Except! Jennifer is upset that someone else is going home tonight when it should so obviously be Olivia, and that she has no idea who would be going home tonight instead, which even to her means that it’s probably her.

Emily is nervous and freaking OUT! She thought Ben was seeing what everyone else was seeing, and the fact that Olivia is still there has her feeling REALLY insecure, you guys!

GOOD, EMILY. Cause the cardinal rule of The Bachelor is that snitches get stitches, even when you’re bein’ the snitch on the house bitch. #rhymes.

As more and more girls get a rose, Emily gets even more emotional and dramatic, telling us that being sent home would be the WORST thing in the WORLD.

Jennifer knows that she and Ben could be great together, but it’s just that they haven’t had a lot of time together! Ben does not agree, and he calls Emily’s name instead of Jennifer’s.
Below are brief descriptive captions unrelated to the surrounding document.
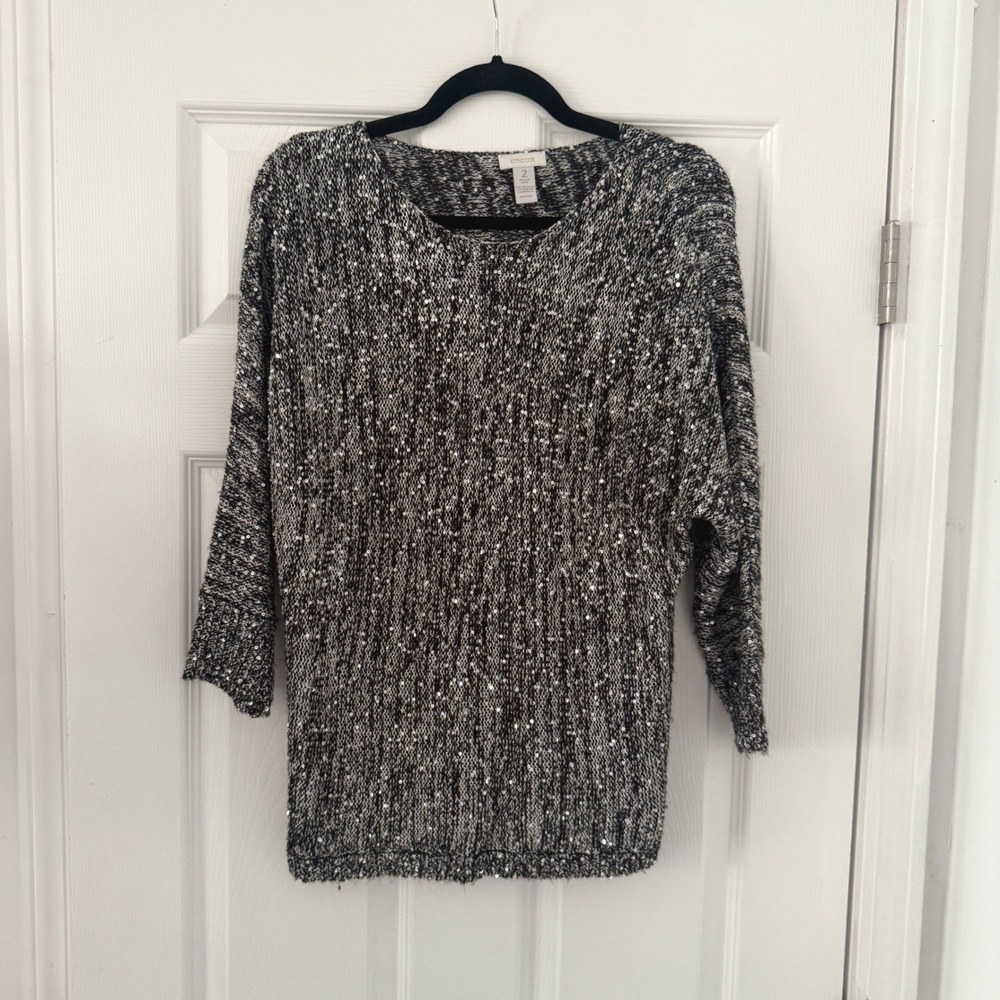 Chicos Sparkly Sequin Knit Sweater Black White Metallic Size‎ 2 Womens L Party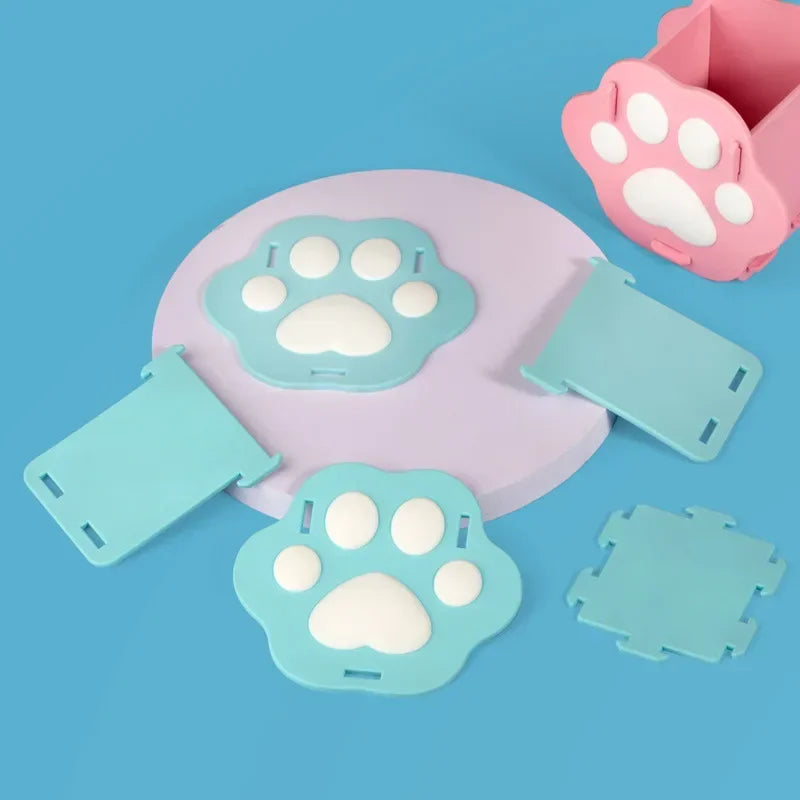 Cute Cartoon Cat Claw Pen Holder Student Desktop Storage Box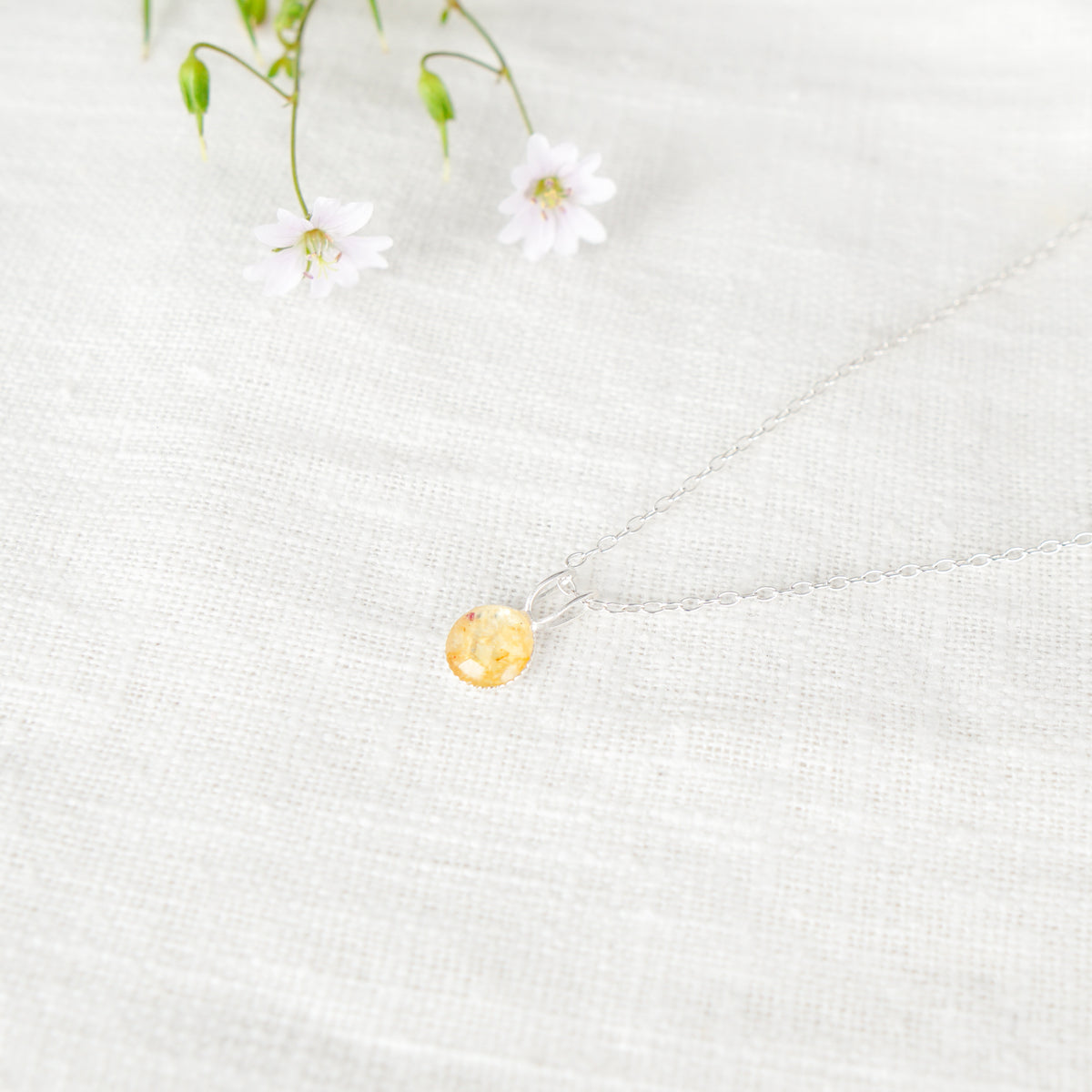Crushed Daffodils Dainty Circle Necklace March Birth Flower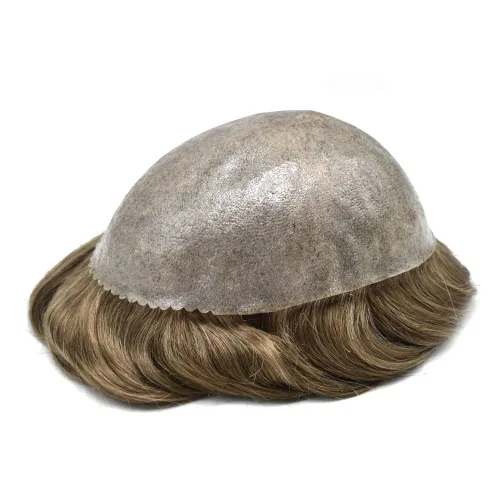 Miniatura 88 de Toupee - Cabello humano para hombre, 64 colores, transparente, piezas de pelo de piel de polietileno para hombres, sistema de reemplazo de cabello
Ben tells Jennifer that she’s going to make somebody very happy, which is always an incredibly condescending thing to say to someone you’ve just dumped. Amanda tells us that it’s really sad to Jen go, because they all knew how great Jennifer was, and that’s the saddest part, to see Ben let such great girls go yet keep giving Olivia chance after chance.


And then Ben announces that they’re going to the Bahamas – an ACTUAL tropical destination, you guys! – and it’s like both the show and Ben are slowly working their way back into my heart again!

Aruba, Jamaica, Oooh I Wanna Take Ya! Bermuda, Drama Foooor Ben’s Bahama Mamas!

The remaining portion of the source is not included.